[Data in this exercise]
◆ ◆ ◆ ◆ ◆
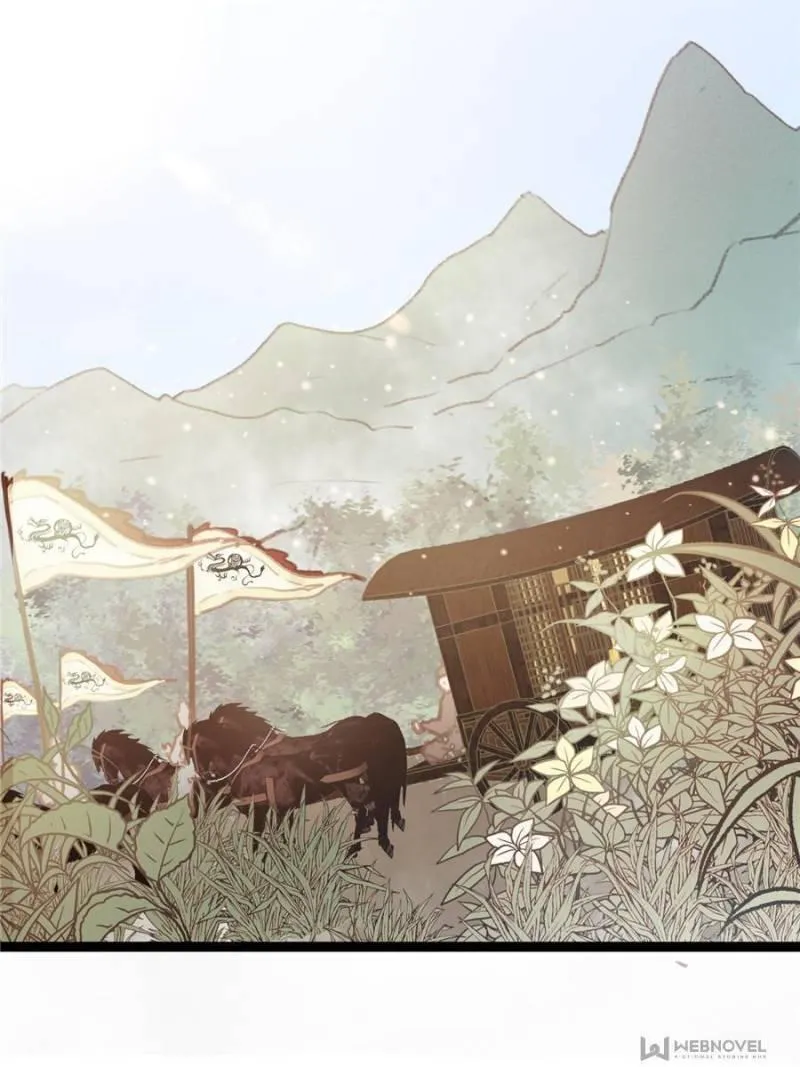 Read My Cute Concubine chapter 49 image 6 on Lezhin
◆ ◆ ◆ ◆ ◆
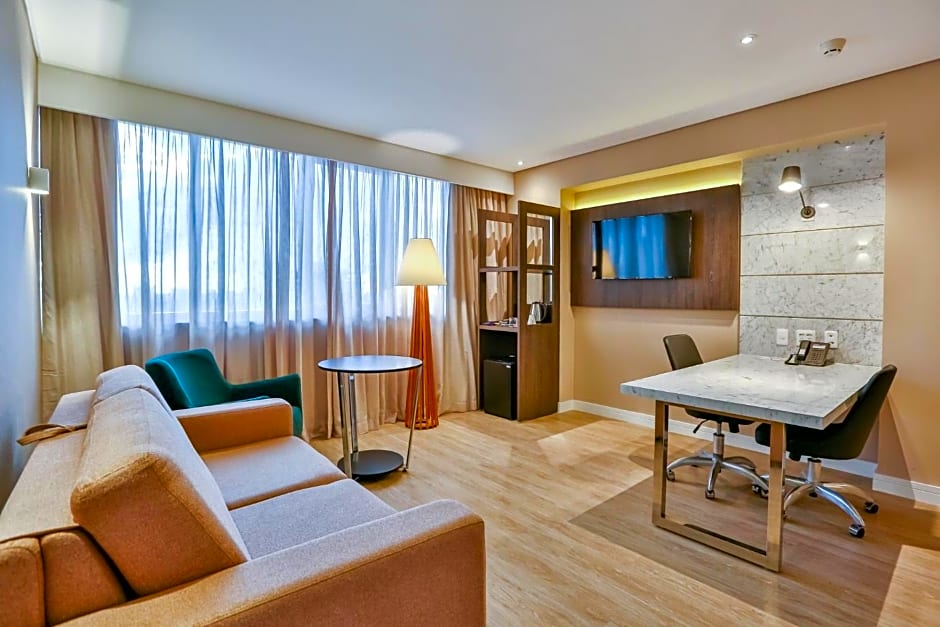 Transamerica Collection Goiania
◆ ◆ ◆ ◆ ◆
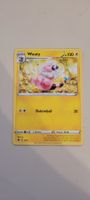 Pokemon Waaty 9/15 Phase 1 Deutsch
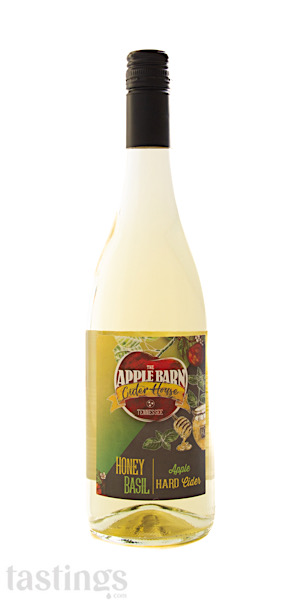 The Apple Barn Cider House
◆ ◆ ◆ ◆ ◆
[Instructions for the task] If a picture sits between the line containing "Pokemon Waaty 9/15 Phase 1 Deutsch" and the line containing "The Apple Barn Cider House", leave it out, and return the lines of that range above exactly, both ends included.

[Answer box]
 Pokemon Waaty 9/15 Phase 1 Deutsch
 The Apple Barn Cider House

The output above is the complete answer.